Simplified Parts List
Porta-Pi Lite Wood Kit and PDF Manual — $31.00 Shipped
10 Arcade Buttons from SparkFun — $30.00 Shipped
Assorted Cables from DX .com— $13.00 Shipped
Mausberry Circuits Shutdown Circuit — $15.00 Shipped
PLATT Electric Solderless Connectors (50) — $16.oo
Joystick 2 Ball Tops and 2 extra buttons — $23.00 Shipped
Assorted Screws and Nuts for Joystick — $2.00
Total Parts Cost without Raspberry Pi $130.00 Shipped
I already had a rocker switch to use with the shutdown circuit and a raspberry pi and power supply. I also used rubber feet, stain, wood glue and clamps I already had.
All of the parts started shipping quickly after I ordered them and I received the wood kit and buttons in the mail in a few days.
Wood kit and buttons mocked up.
I followed the instructions in the manual and fitted the pieces together a couple of times before staining and gluing. I have found my iPad to be really useful for viewing PDF’s, videos and tutorials while working on projects with the Raspberry Pi.
After fitting things together I laid out the pieces on some newspaper and stained the wood.
I wiped off all the laser cut areas with a damp rag to remove the soot and used a clean rag and some dark walnut stain to stain all the pieces.
After all the pieces had dried I assembled and clamped them according to the manual
I was really impressed by the laser cut wood kit and manual all the pieces did sort of settle properly together as described after being glued and clamped together.

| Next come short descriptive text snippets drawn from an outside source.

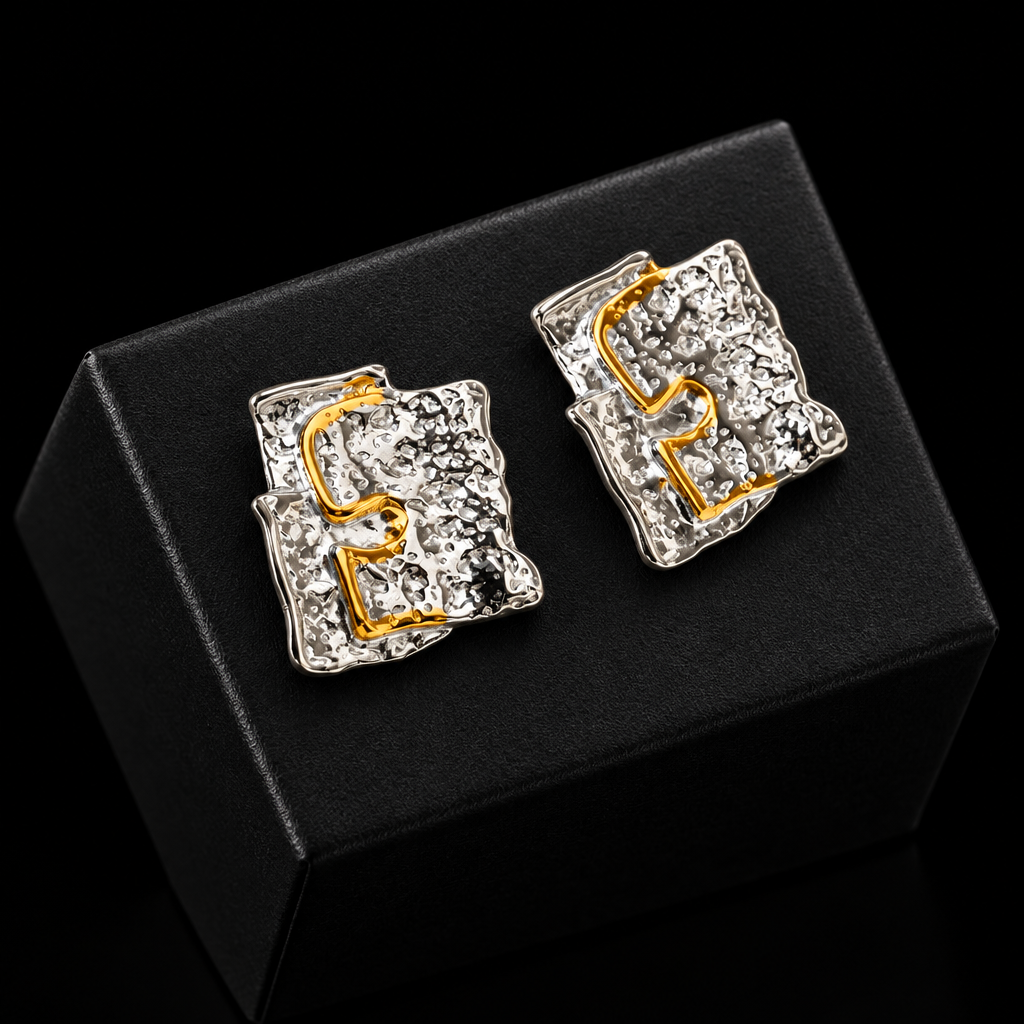 1007 C-Shaped Zircon Stud Earrings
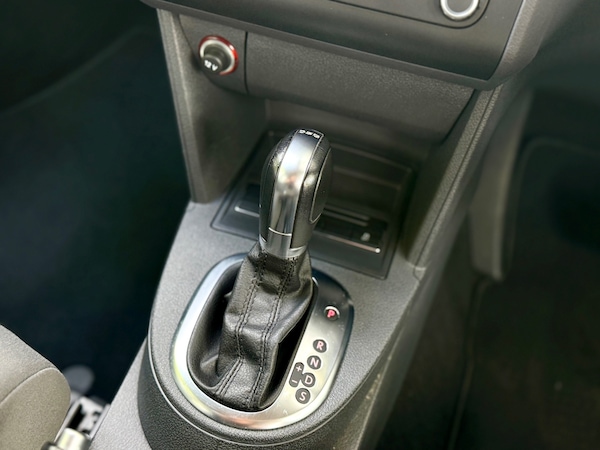 Used Volkswagen Touran 2012 for sale - 75711579: Photo 5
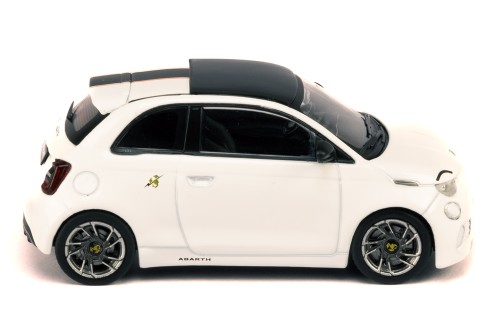 FIAT Abarth 500e 2024 White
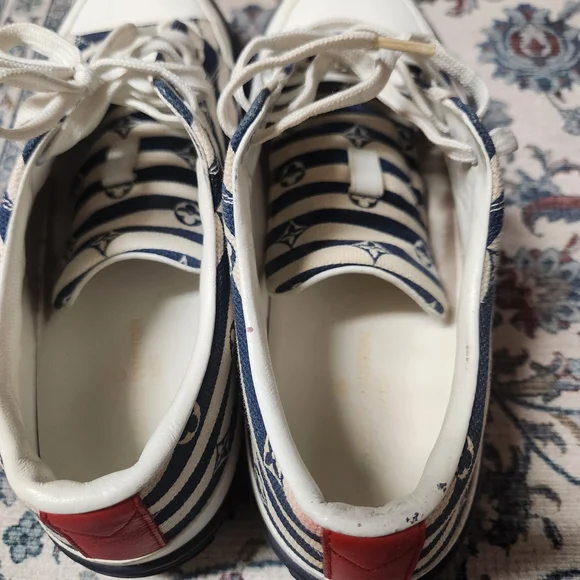 Louis Vuitton Navy and White Striped Sneakers - Picture 5 of 9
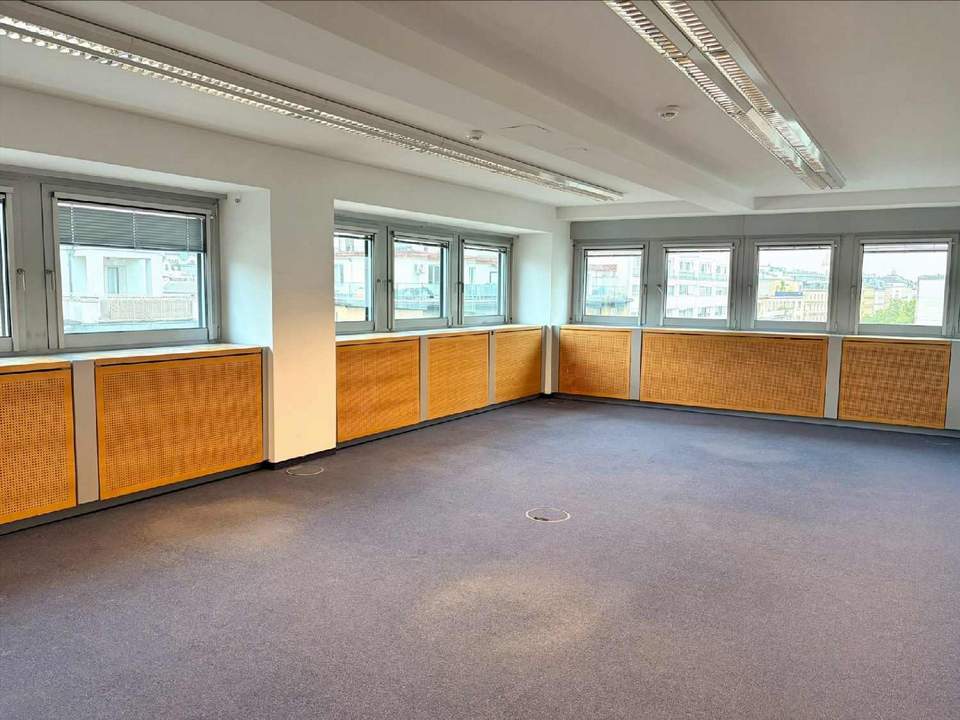Weitblick für Ihr Business: Modernes Office im 8. OG der Operngasse zu mieten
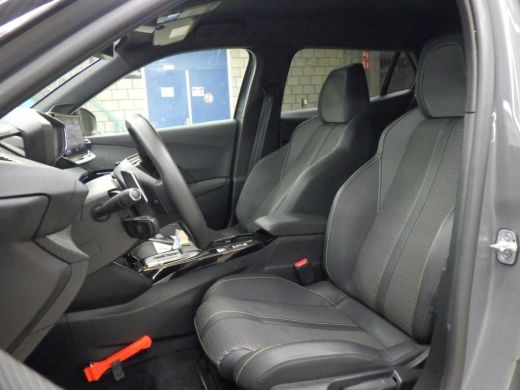 Peugeot 2008 1.2 Hybrid 136 GT Climate | Navigatie | Apple Carplay/Android Auto | Cruise | Apple Carplay/Andro... ActivLease financial lease
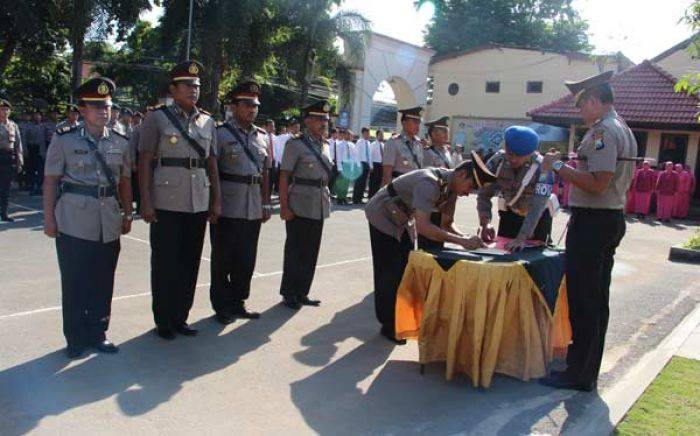 Kapolres Gresik Mutasi 7 Kapolsek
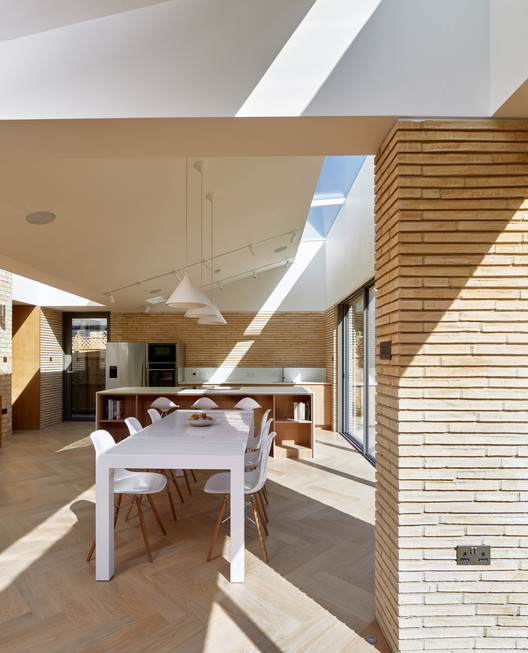 Sun Slice House / Neil Dusheiko Architects - Interior Photography, Table, Chair, Beam, Windows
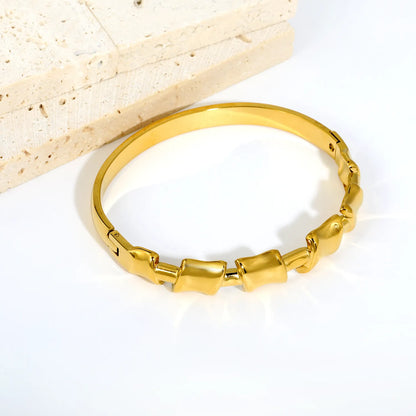 Polished Bamboo Joint Hinged Bangle | 50-60mm Inner Diameter | 18K Gold Plated Stainless Steel | Wholesale Bulk Order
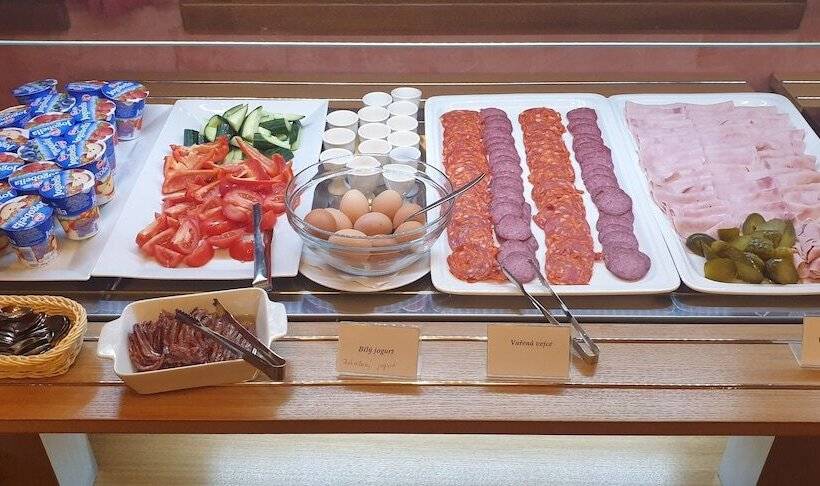 בית מלון כפרי Leyla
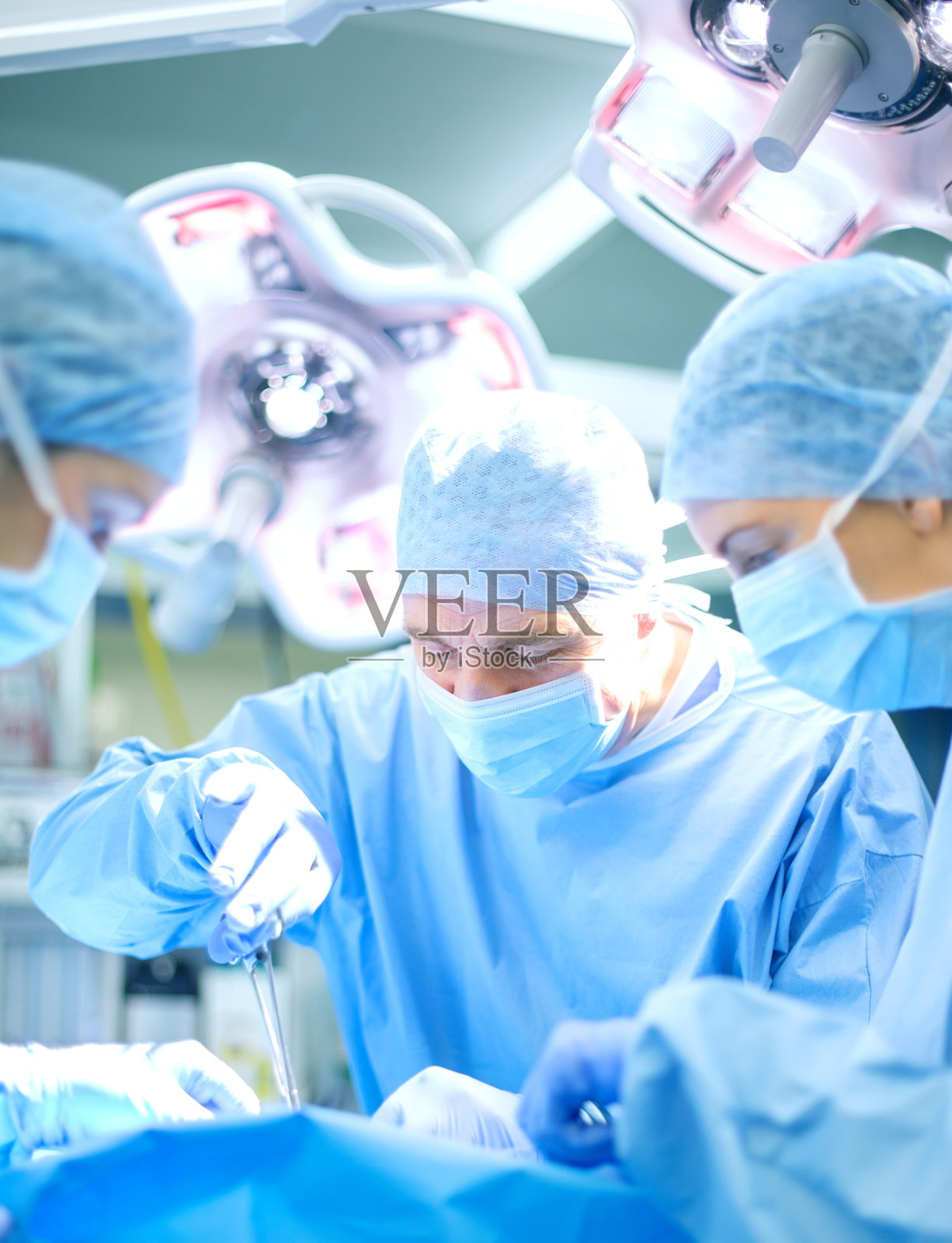外科医生在手术室准备给病人做手术照片摄影图片_ID:141614015-Veer图库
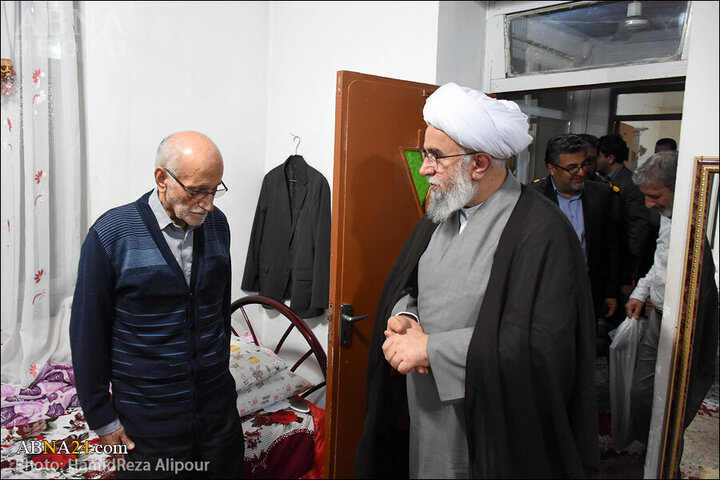 Photos: Ayatollah Ramezani meet with family of martyr Sayyed Hossein Mousavi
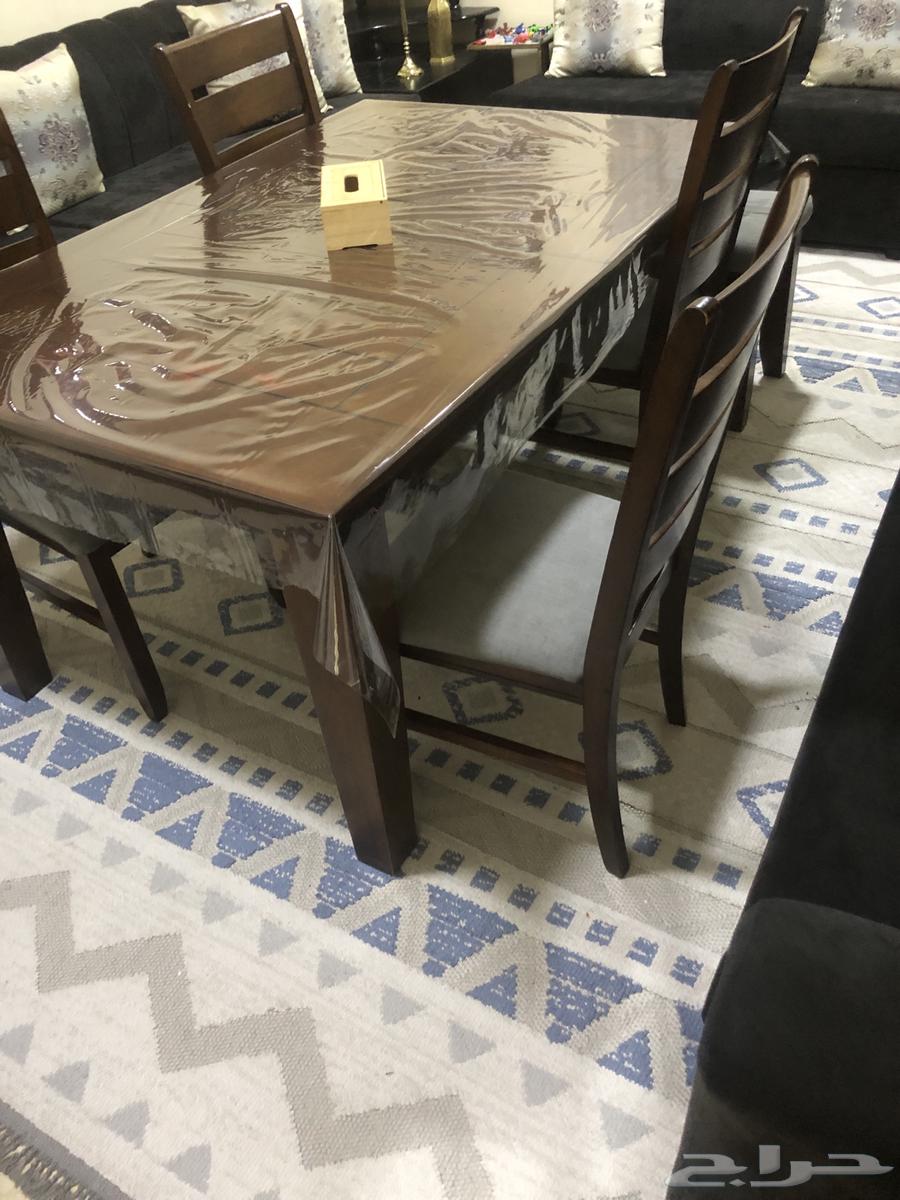 طاولة من هوم سنتر خشب ماليزي ممتاز ما فيها ولا عيب جيد جدا64616504939266110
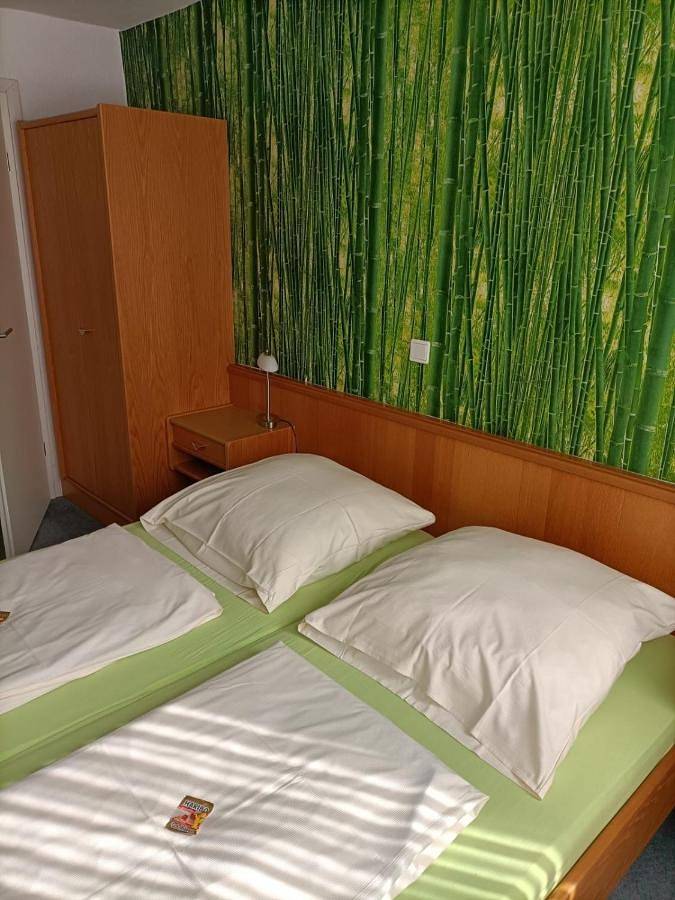 Hotel für 4 Personen, mit Terrasse und Ausblick in Dierdorf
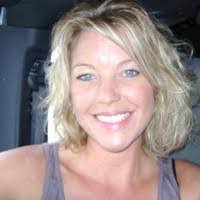 Elisha Lambert's Instagram, Twitter & Facebook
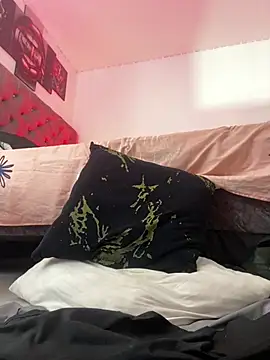 Pamela23x - squirt in your face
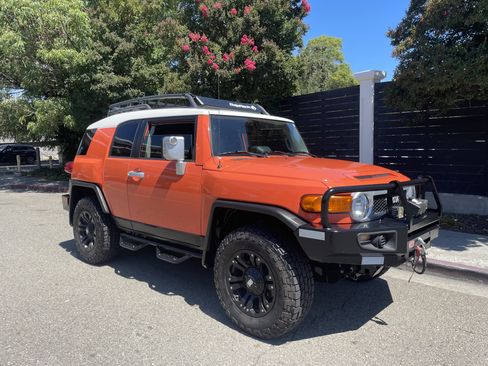 Used 2013 Toyota FJ Cruiser 4WD w/ Upgrade Pkg image 4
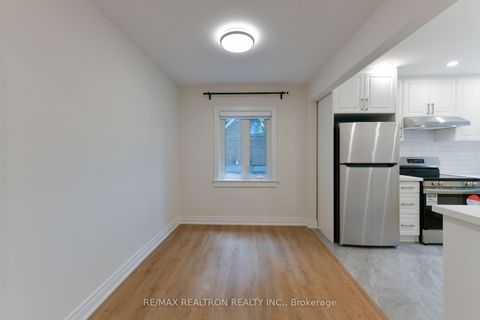 Photo 8 at 150 Upper Canada Drive, Windfields, Toronto
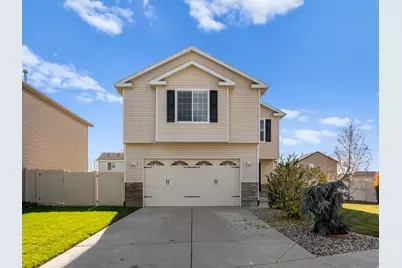 2068 E Jordan Way N, Eagle Mountain, UT 84005 - Photo 2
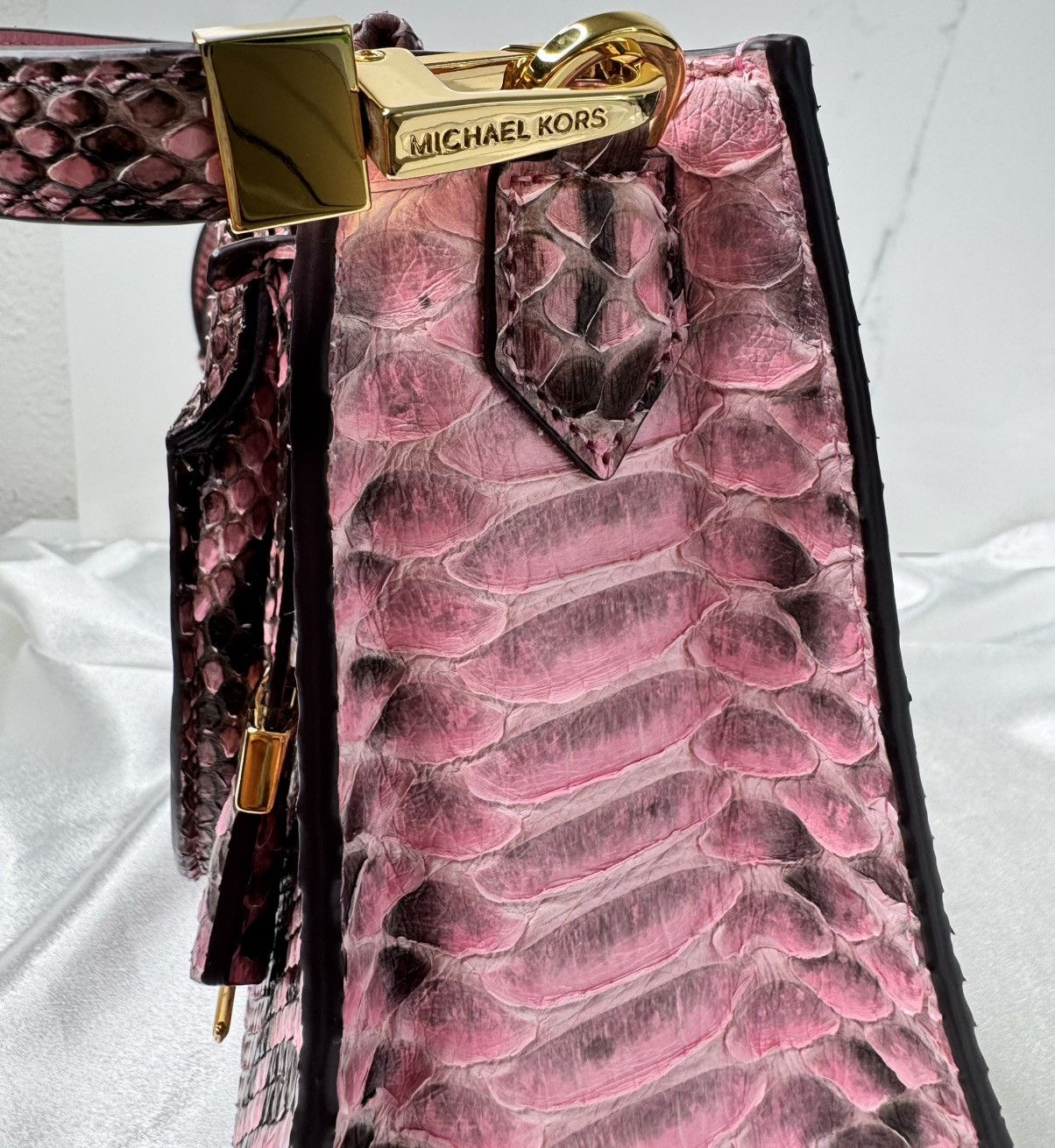 Michael Kors RARE 2015 Michael Kors Pink Python Casey Satchel Bag Size ONE SIZE - 21 Thumbnail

Once the glue dried I installed the Raspberry Pi, power switch and some barrel connectors for the analog video and audio outputs. Initially I built a wall wart connector for power like the instructions but have since removed that and have a short usb cable installed so I can easily connect the Porta-Pi to the wall or a battery.
Once all the remaining parts arrived I constructed all the wiring harnesses required for the buttons and joystick and connected the power switch.
Now that everything is all assembled it is time to move on to the software. I had tried Retro Pie 1.9 on the Pi before versions 2 came out, but have only used 2.0 or higher on my Porta-Pi. You can find the base RetroPie image customized for the Porta Pi on the Retro Built Games website.
Below are the steps I used to customize the Porta Pi — Retro Pie OS image. Having a 4 GIG SD card to use to create your base image is really helpful.
The first step is to install any available updates for Raspbian and any of the packages used by Retro Pie
sudo apt-get update
sudo apt-get upgrade
The second step is to update the configuration of HDMI for your console. Detailed information on the settings is available here. I still have had HDMI issues on a couple of televisions. I also had to run the amixer command in order to get HDMI audio working right on one of my computer monitors.
Update Boot config.txt file
sudo nano /boot/config.txt
Force HDMI audio if you will be using computer monitors
amixer cset numid=3 2
If you are using a shutdown circuit you will need to update the script provided and enable GPIO pins 14 and 15. The internet generally recommended that you not try and use GPIO pins 14 and 15 because they are used by default for a serial connection. I didn't listen to this advice and everything seems to be working fine, the process of getting the pins to work was pretty easy.
Set up power switch
First we need to allow use of GPIO pins 14 and 15 since they are normally used by serial, and we need the pins
sudo nano /boot/cmdline.txt
replace the contents of the file with
dwc_otg.lpm_enable=0 console=tty1 root=/dev/mmcblk0p2 rootfstype=ext4 elevator=deadline rootwait
sudo nano setup.sh
set the out pin to 14 and the in pin to 15
sudo bash setup.sh
sudo shutdown -h now
Then use the switch to test if it is working
The next step is to edit the retrogame.c file and remove the 2nd GPIO controller if you are not running a B+ model. After editing the file you will need to make a new executable file with the changes.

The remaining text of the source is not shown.